Ludwig Berger, compositore elvetico in movimento fra Zurigo e Milano, fra marzo e maggio ha pubblicato un’ep ed un album. Qui prendiamo in esame il primo, Species Loneliness, pubblicato da
-OUS, riprende le atmosfere eco-horror degli anni ‘70, quei sentimenti umani di paura e diffidenza nel sentirsi sotto attacco dal mondo animale e vegetale. I suoni sono delicatamente elettroacustici, con dei lievi rintocchi misterici ed inquietanti, suoni e brani nei quali ci sente all’inizio di una discesa personale agli inferi, quasi come Michael Shannon in Take Shelter.
Qualcosa non va, non riusciamo ancora a metterlo a fuoco ma teniamo il peggio, mentre questo suono fa crescere l’insicurezza dentro di noi. Una splendida insicurezza, un brivido sottile magicamente indotto.

Con KaBRAmAKasHOWM entriamo in un quarto d’ora dove la musica diventa atto curativo, la Trap di trasforma nel canto di un muezzin e la musica si fa via via acustica, elettronica e trance. L’artista si esprime in una glossolalia nella quale le poche parole intellegibili in inglese si perdono in un mare magnum di spezie e colori, lasciandoci ipnotizzati e ciondolanti di fronte al risultato.

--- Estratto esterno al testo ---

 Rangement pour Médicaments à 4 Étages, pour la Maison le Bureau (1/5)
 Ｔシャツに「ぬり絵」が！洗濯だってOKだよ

L’appuntamento chiaro/scuro di questo mese è con Artjom Schmidt. La variante luminosa è una vasca colma d’acqua dalla quale escono rintocchi e sulla cui superficie la luce potrebbe rifrangersi e schizzare via. Nel lato oscuro invece è una ritmica con sottofondo ronzante a prendere il sopravvento, sulla quale si innestano beats in crescendo per una suite minimale trascinante.

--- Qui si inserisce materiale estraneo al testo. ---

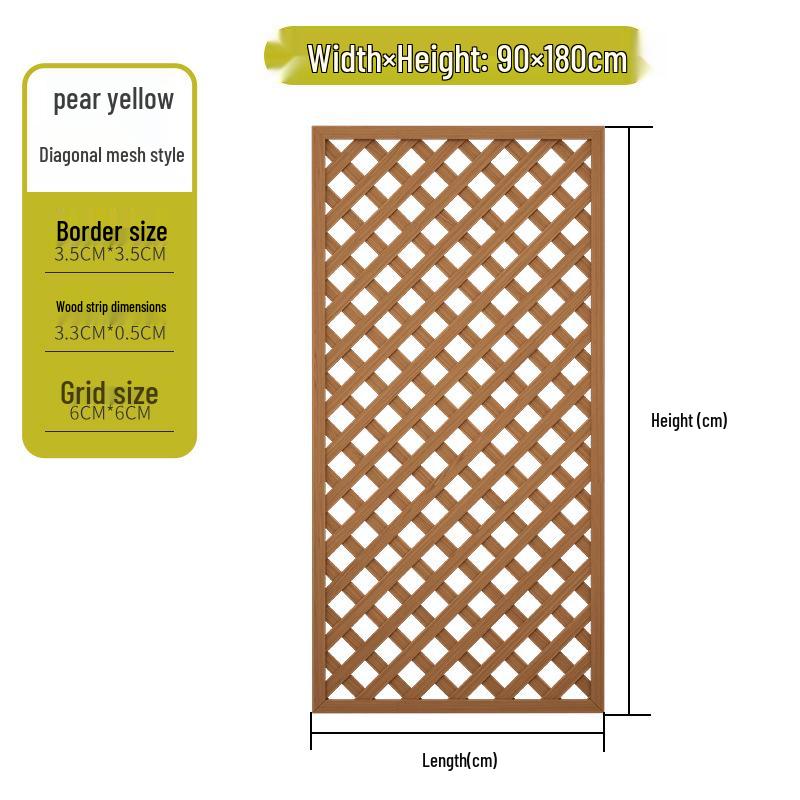 Anti-Corrosion Wood Garden Fence & Climbing Frame for Outdoor Spaces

Whole Lotta Shakin’ dei NEGATIVES non è una novità ma un ripescaggio della venerata Iron Lung Records che scova 4 brani stupefacenti dalla fine ‘70 od inizio ‘80. Non ci è dato sapere di più di questa accolita, se non che suonarono al Max’s Kansas City, al CBGB e così via, e sono autori di un 7” imperdibile, con suoni feroci e veloci come mulinelli in un proto-punk che non vi toglierete dalla pelle così facilmente e che vi farà riconsiderare qualche mappa dei migliori losers della storia!